Psychotherapy is not about making a judgment and apportioning blame. Your therapist will not judge you by any legal, moral or spiritual standards but will try to understand and help you identify the root cause of your behavior and translate this understanding into constructive action. Similarly, in a conflicting situation within a relationship, a psychotherapist will not blame or side with one of the partners. He/she will be an objective, neutral person who will help both parties find a common ground that is mutually beneficial.
Psychotherapy is not motherly support. There is nothing wrong with support and nurturing and your psychotherapist may become the biggest source of strength for you in the long run. However, therapy does not involve all “sweet talk” and may not be aimed at making you feel all good. More than making you feel positive, a therapist will help you become realistic and identify your real conflicts, desires and fears. Your therapist’s questions may stir you up a little or may even seem harsh sometimes, but they will eventually help you emerge stronger and with a better self understanding.

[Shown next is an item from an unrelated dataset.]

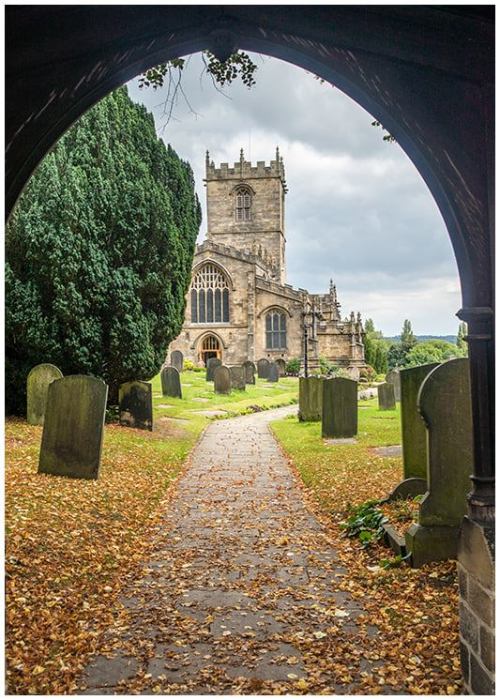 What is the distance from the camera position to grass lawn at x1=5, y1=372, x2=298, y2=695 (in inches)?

Psychotherapy is not something to be ashamed of. Only a sensible and courageous person can make the decision to open up to a stranger about their innermost feelings and seek emotional help. Mental illnesses and emotion difficulties are not a sign of weakness. They are as common as physical illnesses and need to be treated the same way.
Calling to take the first appointment may seem like a frighteningly huge step, but only when you take the leap, you’d know that it was worth it. So if you’re feeling down or disturbed due to any challenges life has thrown at you or you want to discover the real you, see a psychotherapist immediately, for all that psychotherapy is and for all that it’s not!